▶ **Given records**
►
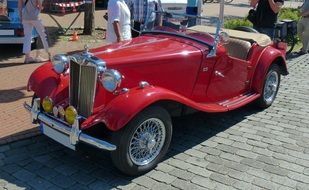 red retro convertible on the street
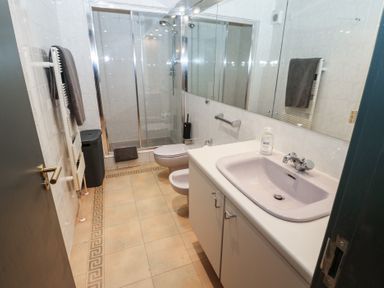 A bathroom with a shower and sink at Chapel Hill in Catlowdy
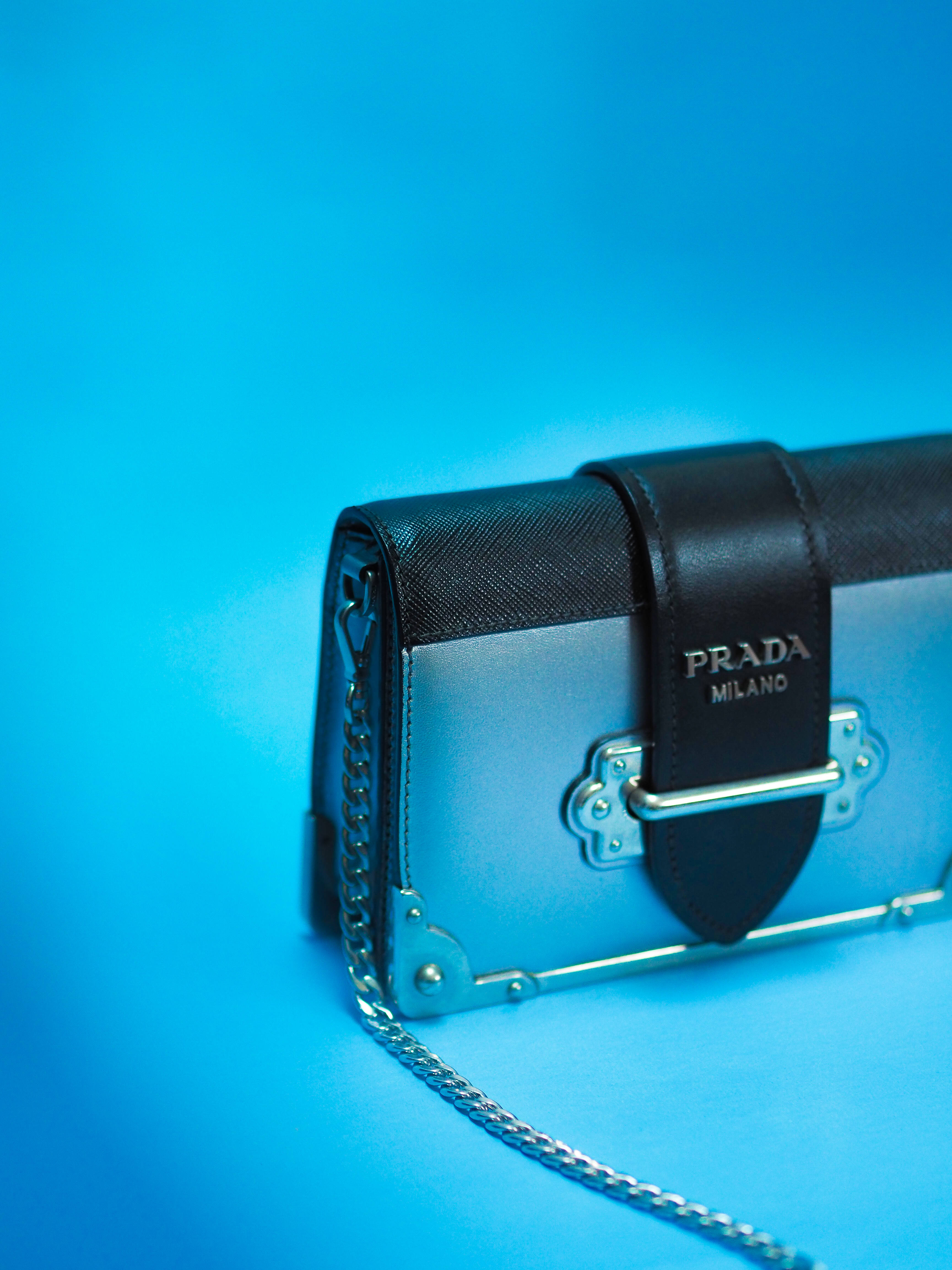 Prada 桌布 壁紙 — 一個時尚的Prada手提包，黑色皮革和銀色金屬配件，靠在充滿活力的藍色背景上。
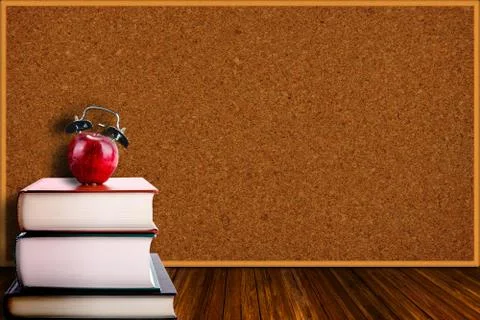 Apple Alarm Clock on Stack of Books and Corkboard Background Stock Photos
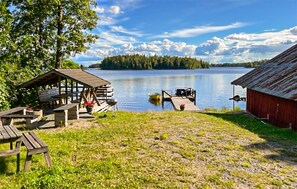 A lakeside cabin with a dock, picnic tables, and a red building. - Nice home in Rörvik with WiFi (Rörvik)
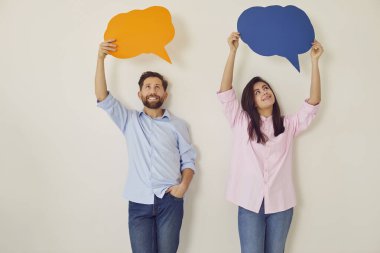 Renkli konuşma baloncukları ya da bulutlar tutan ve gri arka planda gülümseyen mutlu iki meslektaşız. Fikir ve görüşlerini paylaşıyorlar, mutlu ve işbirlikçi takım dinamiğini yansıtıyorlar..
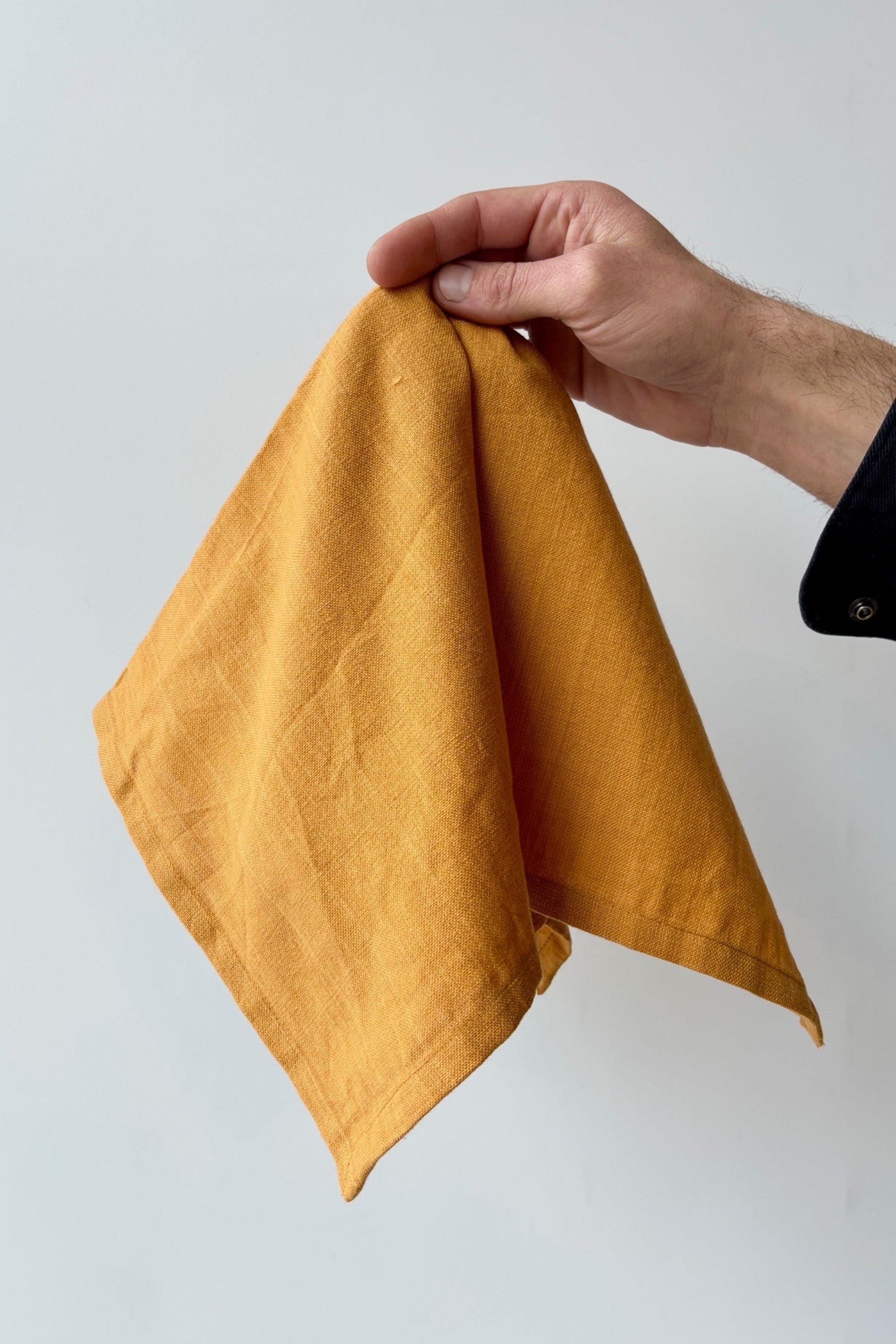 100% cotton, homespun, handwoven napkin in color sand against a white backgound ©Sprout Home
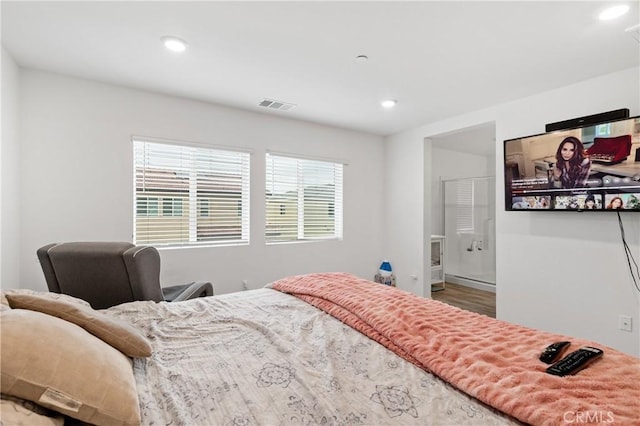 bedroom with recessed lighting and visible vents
◄
►
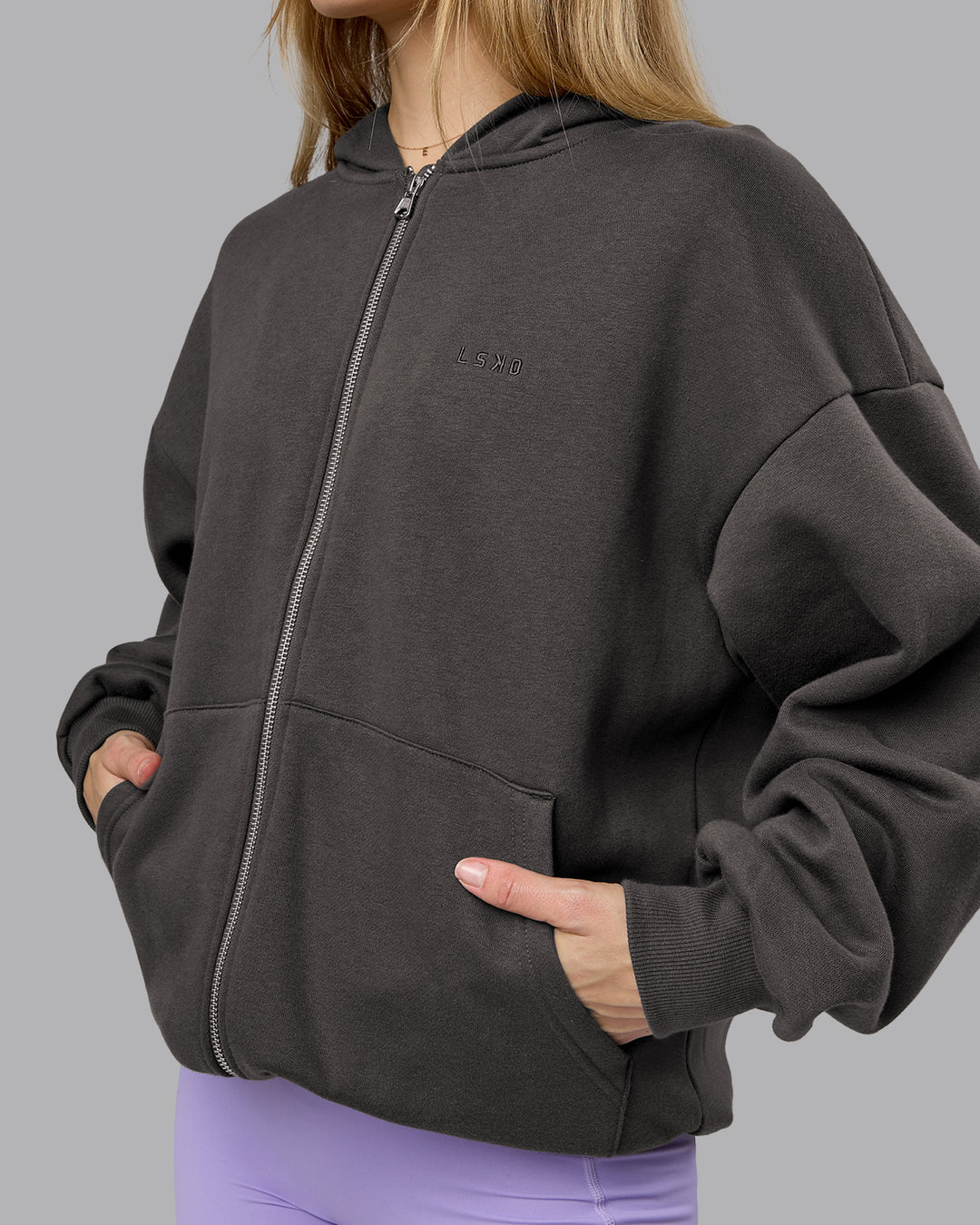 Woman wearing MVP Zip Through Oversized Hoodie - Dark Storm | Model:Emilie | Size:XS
◄
Give back exactly the lines above that run from the one with "A lakeside cabin" to the one with "100% cotton, homespun, handwoven", including both, with the pictures left out.

▶ **Task answer**
 A lakeside cabin with a dock, picnic tables, and a red building. - Nice home in Rörvik with WiFi (Rörvik)
 Renkli konuşma baloncukları ya da bulutlar tutan ve gri arka planda gülümseyen mutlu iki meslektaşız. Fikir ve görüşlerini paylaşıyorlar, mutlu ve işbirlikçi takım dinamiğini yansıtıyorlar..
 100% cotton, homespun, handwoven napkin in color sand against a white backgound ©Sprout Home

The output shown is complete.